Gamers concerned that Halo creator Bungie's 10-year publishing deal with Activision may affect its hotly anticipated new game need not – and that's because Kotick's crew are "hands-off".
"Not only were we excited about the contract that we were able to get with Activision but they seem really committed to being hands-off," Bungie composer Marty O'Donnell told IndustryGamers.
"They really seem committed to agreeing that they are the publishers and they need to support in all the ways publishers support [titles] and they were looking for developers that were completely self-sufficient essentially - except maybe we need some money once in a while - but self-sufficient in terms of not needing to depend on them for production or development or some of these other things."
But will Activision remain hands-off?
"They want a team that has a proven track record - a team that can go out and get it done," O'Donnell continued. "And so the hands-off nature of it is really appealing to us. Right now, maybe this is the honeymoon period, but it seems like the right thing for us at this time."
O'Donnell's comments echo those of community director Brian Jarrard, who told Eurogamer last year that Activision's current negative reputation is of no concern.

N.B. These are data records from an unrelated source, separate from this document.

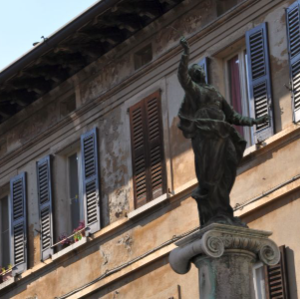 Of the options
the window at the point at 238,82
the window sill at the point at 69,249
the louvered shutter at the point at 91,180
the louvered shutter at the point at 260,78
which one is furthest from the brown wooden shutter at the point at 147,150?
the louvered shutter at the point at 260,78

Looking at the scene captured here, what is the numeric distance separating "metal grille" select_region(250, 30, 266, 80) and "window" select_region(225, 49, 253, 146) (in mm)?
619

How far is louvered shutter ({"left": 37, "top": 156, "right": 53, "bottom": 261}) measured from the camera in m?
29.8

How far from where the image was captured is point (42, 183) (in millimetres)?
30188

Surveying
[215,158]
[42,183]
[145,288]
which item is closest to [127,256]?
[145,288]

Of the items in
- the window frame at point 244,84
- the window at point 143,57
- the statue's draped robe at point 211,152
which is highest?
the window at point 143,57

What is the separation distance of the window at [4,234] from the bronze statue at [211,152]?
1491 cm

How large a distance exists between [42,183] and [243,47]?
226 inches

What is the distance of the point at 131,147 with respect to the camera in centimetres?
2802

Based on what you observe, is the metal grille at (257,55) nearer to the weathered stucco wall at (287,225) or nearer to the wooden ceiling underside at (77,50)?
the weathered stucco wall at (287,225)

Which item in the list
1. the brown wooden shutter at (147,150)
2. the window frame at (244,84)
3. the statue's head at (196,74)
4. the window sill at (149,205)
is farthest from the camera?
the brown wooden shutter at (147,150)

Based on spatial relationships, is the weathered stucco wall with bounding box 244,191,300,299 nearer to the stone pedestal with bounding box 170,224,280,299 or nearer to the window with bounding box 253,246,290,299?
the window with bounding box 253,246,290,299

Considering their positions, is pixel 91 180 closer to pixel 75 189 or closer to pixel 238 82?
pixel 75 189

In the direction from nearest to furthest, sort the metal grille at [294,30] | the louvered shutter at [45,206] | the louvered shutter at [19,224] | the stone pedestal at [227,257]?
the stone pedestal at [227,257], the metal grille at [294,30], the louvered shutter at [45,206], the louvered shutter at [19,224]

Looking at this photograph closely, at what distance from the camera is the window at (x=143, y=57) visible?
1109 inches
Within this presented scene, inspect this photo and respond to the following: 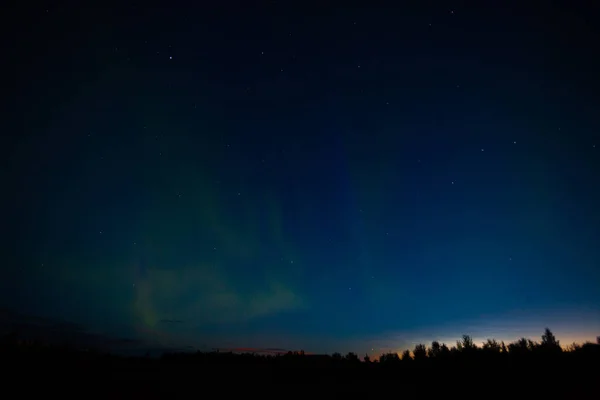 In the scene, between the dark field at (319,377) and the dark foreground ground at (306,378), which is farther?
the dark field at (319,377)

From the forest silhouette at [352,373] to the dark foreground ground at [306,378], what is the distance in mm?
36

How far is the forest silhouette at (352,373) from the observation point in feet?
45.0

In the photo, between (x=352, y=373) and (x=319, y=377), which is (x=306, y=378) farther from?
(x=352, y=373)

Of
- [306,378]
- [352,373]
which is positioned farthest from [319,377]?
[352,373]

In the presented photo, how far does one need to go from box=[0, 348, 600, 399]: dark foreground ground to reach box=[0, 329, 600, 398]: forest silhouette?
0.12ft

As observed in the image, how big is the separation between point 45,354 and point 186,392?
7.39m

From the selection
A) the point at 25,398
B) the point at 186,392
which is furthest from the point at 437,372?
the point at 25,398

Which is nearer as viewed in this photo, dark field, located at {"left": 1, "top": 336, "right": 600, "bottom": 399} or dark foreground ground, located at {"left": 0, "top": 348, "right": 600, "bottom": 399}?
dark foreground ground, located at {"left": 0, "top": 348, "right": 600, "bottom": 399}

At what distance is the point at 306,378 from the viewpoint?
18.0 metres

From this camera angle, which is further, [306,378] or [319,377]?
[319,377]

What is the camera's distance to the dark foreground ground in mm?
13117

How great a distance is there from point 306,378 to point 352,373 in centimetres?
272

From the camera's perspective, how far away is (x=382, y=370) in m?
19.2

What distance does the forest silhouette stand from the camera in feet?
45.0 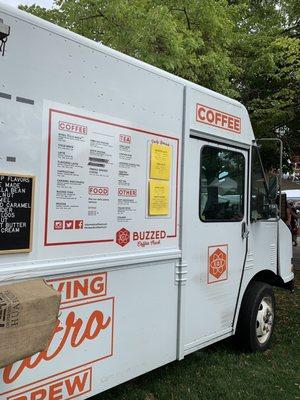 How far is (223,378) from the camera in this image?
4.58 m

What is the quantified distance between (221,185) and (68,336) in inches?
87.8

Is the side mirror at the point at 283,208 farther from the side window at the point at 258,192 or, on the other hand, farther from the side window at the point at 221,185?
the side window at the point at 221,185

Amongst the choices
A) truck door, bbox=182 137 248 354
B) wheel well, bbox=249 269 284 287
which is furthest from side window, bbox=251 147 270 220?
wheel well, bbox=249 269 284 287

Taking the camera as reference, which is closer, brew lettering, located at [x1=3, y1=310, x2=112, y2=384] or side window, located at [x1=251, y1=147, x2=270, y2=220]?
brew lettering, located at [x1=3, y1=310, x2=112, y2=384]

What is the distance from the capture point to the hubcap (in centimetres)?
530

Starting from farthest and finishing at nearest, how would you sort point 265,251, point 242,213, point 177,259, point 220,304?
point 265,251, point 242,213, point 220,304, point 177,259

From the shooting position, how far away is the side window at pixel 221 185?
14.3 feet

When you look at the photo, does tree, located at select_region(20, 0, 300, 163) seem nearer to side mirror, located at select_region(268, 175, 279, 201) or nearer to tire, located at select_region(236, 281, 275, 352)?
side mirror, located at select_region(268, 175, 279, 201)

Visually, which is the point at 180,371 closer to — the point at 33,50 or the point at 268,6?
the point at 33,50

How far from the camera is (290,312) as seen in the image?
7277 mm

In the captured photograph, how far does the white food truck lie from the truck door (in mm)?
17

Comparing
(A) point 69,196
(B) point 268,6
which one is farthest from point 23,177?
(B) point 268,6

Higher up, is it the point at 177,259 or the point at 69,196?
the point at 69,196

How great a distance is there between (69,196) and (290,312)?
5.24 m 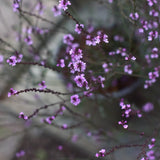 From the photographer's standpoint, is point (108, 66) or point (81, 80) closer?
point (81, 80)

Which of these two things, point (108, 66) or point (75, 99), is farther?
point (108, 66)

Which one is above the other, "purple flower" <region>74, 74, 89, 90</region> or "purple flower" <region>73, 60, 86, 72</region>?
"purple flower" <region>73, 60, 86, 72</region>

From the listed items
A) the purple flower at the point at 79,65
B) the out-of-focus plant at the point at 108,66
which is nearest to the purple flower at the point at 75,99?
the out-of-focus plant at the point at 108,66

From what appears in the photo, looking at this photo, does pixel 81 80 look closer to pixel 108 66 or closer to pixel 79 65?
pixel 79 65

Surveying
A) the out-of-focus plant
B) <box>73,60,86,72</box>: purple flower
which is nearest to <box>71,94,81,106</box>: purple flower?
the out-of-focus plant

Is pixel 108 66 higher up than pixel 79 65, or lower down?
higher up

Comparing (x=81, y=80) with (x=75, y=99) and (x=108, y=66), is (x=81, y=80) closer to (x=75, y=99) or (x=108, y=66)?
(x=75, y=99)

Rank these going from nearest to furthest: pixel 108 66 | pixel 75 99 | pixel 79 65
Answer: pixel 79 65 < pixel 75 99 < pixel 108 66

"We have an awesome deal with those guys," he said. "Ultimately, I don't think it's going to matter who helps that game into the hands of gamers, other than we're happy to know Activision's got world-class publishing expertise across multiple platforms and they're going to be a great partner that's given us a great relationship and a great deal.

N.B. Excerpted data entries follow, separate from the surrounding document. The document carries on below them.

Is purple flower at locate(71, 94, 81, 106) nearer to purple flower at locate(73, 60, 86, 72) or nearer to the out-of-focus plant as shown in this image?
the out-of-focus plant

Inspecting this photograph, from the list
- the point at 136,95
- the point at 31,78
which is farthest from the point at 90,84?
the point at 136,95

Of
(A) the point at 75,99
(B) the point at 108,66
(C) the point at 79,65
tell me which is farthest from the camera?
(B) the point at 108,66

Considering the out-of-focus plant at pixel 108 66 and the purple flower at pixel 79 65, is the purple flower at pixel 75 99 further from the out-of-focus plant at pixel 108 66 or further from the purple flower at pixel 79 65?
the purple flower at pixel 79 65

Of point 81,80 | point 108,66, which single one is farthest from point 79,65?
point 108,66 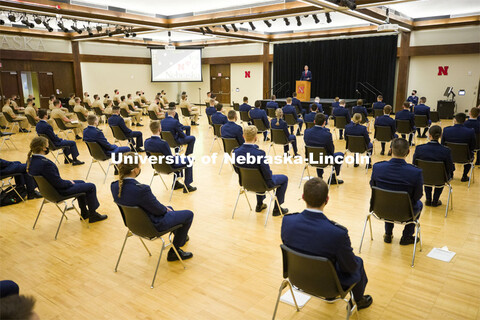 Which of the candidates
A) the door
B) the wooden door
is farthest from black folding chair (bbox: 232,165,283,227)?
the door

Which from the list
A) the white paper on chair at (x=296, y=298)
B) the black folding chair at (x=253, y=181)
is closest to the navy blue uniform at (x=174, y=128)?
the black folding chair at (x=253, y=181)

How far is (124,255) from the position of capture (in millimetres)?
4289

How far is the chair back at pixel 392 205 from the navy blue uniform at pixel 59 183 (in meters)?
3.90

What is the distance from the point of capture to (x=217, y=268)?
3.98 m

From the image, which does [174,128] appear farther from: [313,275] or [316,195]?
[313,275]

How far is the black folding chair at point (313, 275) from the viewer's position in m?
2.46

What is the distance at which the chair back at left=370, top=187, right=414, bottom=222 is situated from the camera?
3.78m

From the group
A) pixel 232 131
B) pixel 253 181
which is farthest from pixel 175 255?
pixel 232 131

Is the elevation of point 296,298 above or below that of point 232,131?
below

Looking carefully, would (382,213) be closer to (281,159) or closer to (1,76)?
(281,159)

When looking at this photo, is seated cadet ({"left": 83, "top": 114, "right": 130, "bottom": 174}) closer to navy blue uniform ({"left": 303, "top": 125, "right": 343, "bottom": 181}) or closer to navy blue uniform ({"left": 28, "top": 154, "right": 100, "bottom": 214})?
navy blue uniform ({"left": 28, "top": 154, "right": 100, "bottom": 214})

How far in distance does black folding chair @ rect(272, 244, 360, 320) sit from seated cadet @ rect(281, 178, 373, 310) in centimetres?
9

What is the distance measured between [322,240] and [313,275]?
0.88 feet

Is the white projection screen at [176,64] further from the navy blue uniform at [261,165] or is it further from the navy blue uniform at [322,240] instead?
the navy blue uniform at [322,240]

"So we're not too worried about it."
In April 2010 Activision and Bungie announced a mammoth 10-year publishing deal for the developer's next IP.
Under the terms of the agreement, Bungie retains the rights to whatever it's cooking.
The deal followed the high-profile sacking of Call of Duty creators Vince Zampella and Jason West, which sparked an outpouring of anger from gamers who felt Activision had unfairly treated Infinity Ward.
Explaining the deal, O'Donnell added: "How many publishers are out there that could even do a deal with Bungie for a decade? You could probably list them on one hand. Certainly Microsoft was one of them, EA was one of them, but you could think of the ones that could actually do this thing."
Little is known about Bungie's next game.
Bungie lead network engineer David Aldridge said at the Game Developers Conference that its next project would be a "massively multiplayer action game" – but he was joking, apparently.
Rumour has it Bungie is making a first-person MMO for Activision called Destiny. It was loosely defined as "WOW in space".
Before then, Bungie had teased a new world that "was always there", and also referred to it as "a universe that people want to spend time in". Bungie's partnership with Activision is a 10-year multi-platform publishing deal, which fits well with an MMO.